Swapping partitions WAS: Please help new hard drive install
Knapp
magick.crow at gmail.com
Thu Dec 18 08:03:26 UTC 2008
On Thu, Dec 18, 2008 at 8:08 AM, Leonard Chatagnier
<lenc5570 at sbcglobal.net>wrote:
>
> --- On Thu, 12/18/08, Knapp <magick.crow at gmail.com> wrote:
>
> > From: Knapp <magick.crow at gmail.com>
> > Subject: Swapping partitions WAS: Please help new hard drive install
> > To: "Ubuntu user technical support, not for general discussions" <
> ubuntu-users at lists.ubuntu.com>
> > Date: Thursday, December 18, 2008, 12:09 AM
> > OK, I am a bit lost.
> > I have 2 copies of my partitions one on drive sda (old one)
> > and one on sdb
> > the new one.

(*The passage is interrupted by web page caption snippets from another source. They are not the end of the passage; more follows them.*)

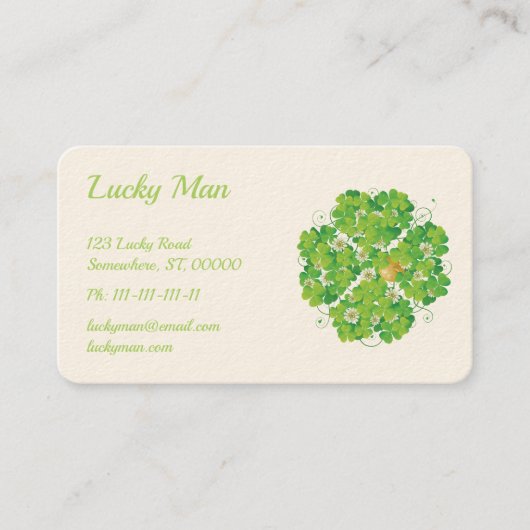 ラッキーマン |金ゴールドコインクローバー 名刺 (正面)
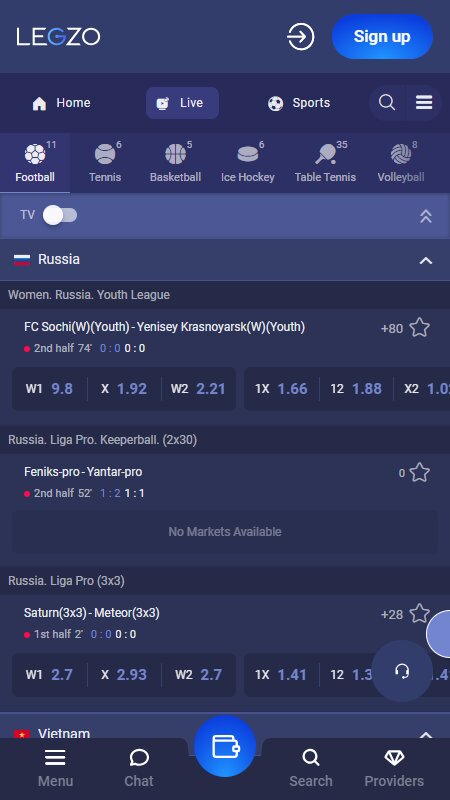 Legzo Bookmaker Live betting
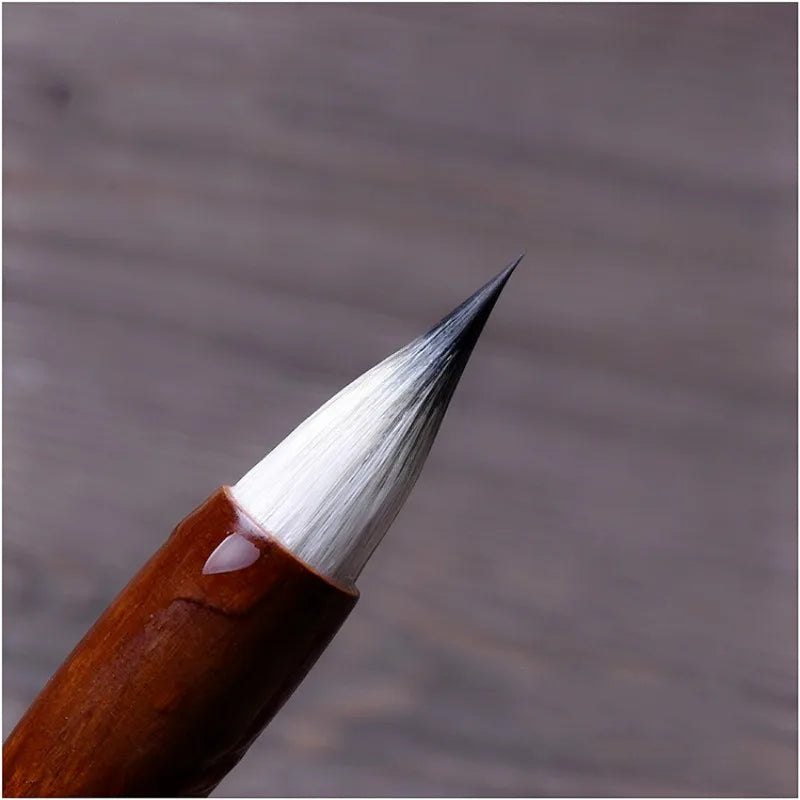Watercolor Painting Brush Short Woolen Rabbit Mixed Hair Calligraphy Brush Chinese Running Regular Script Brush Pen Tinta China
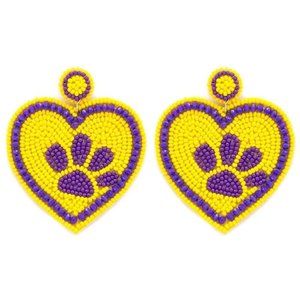 Tiger Paw Print Seed Bead Earrings~LSU Earrings~Purple and Gold Earrings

I want to change my root partition to be the
> > one on the new
> > drive but both must be labeled / right? Also there is no
> > uuid for the new
> > partition, as best as I can tell because it is not mounted,
> > so how do I get
> > the id? I could use a label / but then how would it know
> > which one to use?
> > Anyway, as I said, I am lost!
> > Thanks for all the help so far.
> >
> > sba7 is the old one
> >
> > sdb6 is the new one, if that helps any.
> >
> > Thanks all!
> >
> Hello Doug,
>
> I don't know or if others know just what you're getting at.
> Let me see if I can get you started so someone more expert
> than I may help. You have 2 drives on the machine and you
> want your root / on the second drive. Do you have an OS
> installed on the 2nd drive or at least a file system? You
> can't just go assigning a "/" directory on a partition
> that I know of; installing an operating system such as
> using and alternate or live CD will do it and perhaps if
> you partition the sdb drive and assign a file system, ext3,
> there may be a way to give it a "/" directory, but I don't
> know; just a thought. if it could be done, you'd probably
> have to copy your / dir from sda1 to sdb1 and tell your
> OS where to look for the new /. So, why don't you tell the list just
> why you want to do this, exactly what you did to partition
> and setup the sdb drive and anything else related you might
> think of. It's certainly simpler to have the OS on one drive.
> Leonard Chatagnier
> lenc5570 at sbcglobal.net
>
Thanks for the reply, sorry if that was not clear.
I have 2 drives that are copies of each other. They both have a fully
working linux on them. The full system is running off of sda and I want to
make fstab now use sdb but just for the root partition. Perhaps looking at
the first part of the thread would help.